Given data: Begin
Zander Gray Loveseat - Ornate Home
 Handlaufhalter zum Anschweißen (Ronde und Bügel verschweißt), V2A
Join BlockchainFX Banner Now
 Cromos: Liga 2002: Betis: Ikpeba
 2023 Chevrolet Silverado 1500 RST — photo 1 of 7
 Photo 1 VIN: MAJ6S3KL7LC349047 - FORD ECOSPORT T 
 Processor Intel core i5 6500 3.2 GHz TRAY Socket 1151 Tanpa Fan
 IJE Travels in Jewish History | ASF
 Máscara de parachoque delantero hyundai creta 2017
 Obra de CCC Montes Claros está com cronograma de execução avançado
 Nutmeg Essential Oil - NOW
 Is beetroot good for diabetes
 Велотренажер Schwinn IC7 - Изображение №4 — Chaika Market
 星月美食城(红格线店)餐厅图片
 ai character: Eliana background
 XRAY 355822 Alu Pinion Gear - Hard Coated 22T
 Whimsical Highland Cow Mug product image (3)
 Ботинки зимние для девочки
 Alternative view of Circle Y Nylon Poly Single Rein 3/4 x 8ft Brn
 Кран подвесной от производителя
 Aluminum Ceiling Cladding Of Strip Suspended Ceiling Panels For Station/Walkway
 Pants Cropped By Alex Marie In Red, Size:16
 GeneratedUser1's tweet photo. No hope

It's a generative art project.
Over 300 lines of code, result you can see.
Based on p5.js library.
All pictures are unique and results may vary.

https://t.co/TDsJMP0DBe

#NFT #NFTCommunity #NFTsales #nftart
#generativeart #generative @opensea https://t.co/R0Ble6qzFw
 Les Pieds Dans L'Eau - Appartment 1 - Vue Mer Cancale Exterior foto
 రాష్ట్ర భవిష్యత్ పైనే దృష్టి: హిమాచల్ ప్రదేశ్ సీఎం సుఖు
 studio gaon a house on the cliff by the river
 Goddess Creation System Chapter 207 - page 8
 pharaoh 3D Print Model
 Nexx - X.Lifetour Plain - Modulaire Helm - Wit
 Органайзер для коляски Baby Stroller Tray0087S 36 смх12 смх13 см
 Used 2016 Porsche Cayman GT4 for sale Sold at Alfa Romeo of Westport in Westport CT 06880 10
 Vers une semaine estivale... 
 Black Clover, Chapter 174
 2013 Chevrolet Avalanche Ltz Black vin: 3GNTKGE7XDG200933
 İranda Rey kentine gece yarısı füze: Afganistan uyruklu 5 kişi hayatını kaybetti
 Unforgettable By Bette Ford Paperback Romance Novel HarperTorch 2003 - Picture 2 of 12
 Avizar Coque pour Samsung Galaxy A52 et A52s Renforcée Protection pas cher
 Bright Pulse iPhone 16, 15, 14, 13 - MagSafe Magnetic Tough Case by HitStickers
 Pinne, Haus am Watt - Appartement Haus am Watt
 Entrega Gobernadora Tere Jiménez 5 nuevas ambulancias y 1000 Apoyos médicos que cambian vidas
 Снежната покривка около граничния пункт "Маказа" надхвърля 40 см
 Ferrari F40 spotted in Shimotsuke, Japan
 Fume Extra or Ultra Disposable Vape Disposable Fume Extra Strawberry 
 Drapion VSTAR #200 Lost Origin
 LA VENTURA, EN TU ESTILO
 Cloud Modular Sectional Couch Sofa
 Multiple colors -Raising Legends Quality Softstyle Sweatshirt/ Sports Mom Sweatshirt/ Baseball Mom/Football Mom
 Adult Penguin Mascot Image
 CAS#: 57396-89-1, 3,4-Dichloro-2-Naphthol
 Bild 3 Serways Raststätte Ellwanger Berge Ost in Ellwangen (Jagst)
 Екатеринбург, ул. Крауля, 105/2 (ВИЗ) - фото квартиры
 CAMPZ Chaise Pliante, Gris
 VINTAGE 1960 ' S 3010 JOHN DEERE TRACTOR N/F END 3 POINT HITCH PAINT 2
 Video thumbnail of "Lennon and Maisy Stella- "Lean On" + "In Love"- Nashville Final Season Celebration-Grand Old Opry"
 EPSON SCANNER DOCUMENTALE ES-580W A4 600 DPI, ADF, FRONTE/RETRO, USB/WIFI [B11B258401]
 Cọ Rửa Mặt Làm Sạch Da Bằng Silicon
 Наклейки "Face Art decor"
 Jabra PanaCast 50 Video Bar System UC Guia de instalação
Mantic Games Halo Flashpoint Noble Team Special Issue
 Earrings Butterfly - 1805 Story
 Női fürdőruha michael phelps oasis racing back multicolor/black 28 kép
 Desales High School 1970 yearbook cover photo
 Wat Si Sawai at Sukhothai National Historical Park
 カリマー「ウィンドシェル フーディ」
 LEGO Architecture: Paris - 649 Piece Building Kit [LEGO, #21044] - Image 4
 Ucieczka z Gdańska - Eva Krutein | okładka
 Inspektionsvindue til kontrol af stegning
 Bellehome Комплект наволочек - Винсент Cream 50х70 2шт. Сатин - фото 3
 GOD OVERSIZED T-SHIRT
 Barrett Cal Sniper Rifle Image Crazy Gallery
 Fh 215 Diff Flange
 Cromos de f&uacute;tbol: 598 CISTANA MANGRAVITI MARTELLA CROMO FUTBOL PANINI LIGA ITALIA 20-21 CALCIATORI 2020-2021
Given data: End
=== Task description ===
Copy out each line of the material and keep every word unchanged.

=== Worked solution ===
Zander Gray Loveseat - Ornate Home
 Handlaufhalter zum Anschweißen (Ronde und Bügel verschweißt), V2A
Join BlockchainFX Banner Now
 Cromos: Liga 2002: Betis: Ikpeba
 2023 Chevrolet Silverado 1500 RST — photo 1 of 7
 Photo 1 VIN: MAJ6S3KL7LC349047 - FORD ECOSPORT T 
 Processor Intel core i5 6500 3.2 GHz TRAY Socket 1151 Tanpa Fan
 IJE Travels in Jewish History | ASF
 Máscara de parachoque delantero hyundai creta 2017
 Obra de CCC Montes Claros está com cronograma de execução avançado
 Nutmeg Essential Oil - NOW
 Is beetroot good for diabetes
 Велотренажер Schwinn IC7 - Изображение №4 — Chaika Market
 星月美食城(红格线店)餐厅图片
 ai character: Eliana background
 XRAY 355822 Alu Pinion Gear - Hard Coated 22T
 Whimsical Highland Cow Mug product image (3)
 Ботинки зимние для девочки
 Alternative view of Circle Y Nylon Poly Single Rein 3/4 x 8ft Brn
 Кран подвесной от производителя
 Aluminum Ceiling Cladding Of Strip Suspended Ceiling Panels For Station/Walkway
 Pants Cropped By Alex Marie In Red, Size:16
 GeneratedUser1's tweet photo. No hope

It's a generative art project.
Over 300 lines of code, result you can see.
Based on p5.js library.
All pictures are unique and results may vary.

https://t.co/TDsJMP0DBe

#NFT #NFTCommunity #NFTsales #nftart
#generativeart #generative @opensea https://t.co/R0Ble6qzFw
 Les Pieds Dans L'Eau - Appartment 1 - Vue Mer Cancale Exterior foto
 రాష్ట్ర భవిష్యత్ పైనే దృష్టి: హిమాచల్ ప్రదేశ్ సీఎం సుఖు
 studio gaon a house on the cliff by the river
 Goddess Creation System Chapter 207 - page 8
 pharaoh 3D Print Model
 Nexx - X.Lifetour Plain - Modulaire Helm - Wit
 Органайзер для коляски Baby Stroller Tray0087S 36 смх12 смх13 см
 Used 2016 Porsche Cayman GT4 for sale Sold at Alfa Romeo of Westport in Westport CT 06880 10
 Vers une semaine estivale... 
 Black Clover, Chapter 174
 2013 Chevrolet Avalanche Ltz Black vin: 3GNTKGE7XDG200933
 İranda Rey kentine gece yarısı füze: Afganistan uyruklu 5 kişi hayatını kaybetti
 Unforgettable By Bette Ford Paperback Romance Novel HarperTorch 2003 - Picture 2 of 12
 Avizar Coque pour Samsung Galaxy A52 et A52s Renforcée Protection pas cher
 Bright Pulse iPhone 16, 15, 14, 13 - MagSafe Magnetic Tough Case by HitStickers
 Pinne, Haus am Watt - Appartement Haus am Watt
 Entrega Gobernadora Tere Jiménez 5 nuevas ambulancias y 1000 Apoyos médicos que cambian vidas
 Снежната покривка около граничния пункт "Маказа" надхвърля 40 см
 Ferrari F40 spotted in Shimotsuke, Japan
 Fume Extra or Ultra Disposable Vape Disposable Fume Extra Strawberry 
 Drapion VSTAR #200 Lost Origin
 LA VENTURA, EN TU ESTILO
 Cloud Modular Sectional Couch Sofa
 Multiple colors -Raising Legends Quality Softstyle Sweatshirt/ Sports Mom Sweatshirt/ Baseball Mom/Football Mom
 Adult Penguin Mascot Image
 CAS#: 57396-89-1, 3,4-Dichloro-2-Naphthol
 Bild 3 Serways Raststätte Ellwanger Berge Ost in Ellwangen (Jagst)
 Екатеринбург, ул. Крауля, 105/2 (ВИЗ) - фото квартиры
 CAMPZ Chaise Pliante, Gris
 VINTAGE 1960 ' S 3010 JOHN DEERE TRACTOR N/F END 3 POINT HITCH PAINT 2
 Video thumbnail of "Lennon and Maisy Stella- "Lean On" + "In Love"- Nashville Final Season Celebration-Grand Old Opry"
 EPSON SCANNER DOCUMENTALE ES-580W A4 600 DPI, ADF, FRONTE/RETRO, USB/WIFI [B11B258401]
 Cọ Rửa Mặt Làm Sạch Da Bằng Silicon
 Наклейки "Face Art decor"
 Jabra PanaCast 50 Video Bar System UC Guia de instalação
Mantic Games Halo Flashpoint Noble Team Special Issue
 Earrings Butterfly - 1805 Story
 Női fürdőruha michael phelps oasis racing back multicolor/black 28 kép
 Desales High School 1970 yearbook cover photo
 Wat Si Sawai at Sukhothai National Historical Park
 カリマー「ウィンドシェル フーディ」
 LEGO Architecture: Paris - 649 Piece Building Kit [LEGO, #21044] - Image 4
 Ucieczka z Gdańska - Eva Krutein | okładka
 Inspektionsvindue til kontrol af stegning
 Bellehome Комплект наволочек - Винсент Cream 50х70 2шт. Сатин - фото 3
 GOD OVERSIZED T-SHIRT
 Barrett Cal Sniper Rifle Image Crazy Gallery
 Fh 215 Diff Flange
 Cromos de f&uacute;tbol: 598 CISTANA MANGRAVITI MARTELLA CROMO FUTBOL PANINI LIGA ITALIA 20-21 CALCIATORI 2020-2021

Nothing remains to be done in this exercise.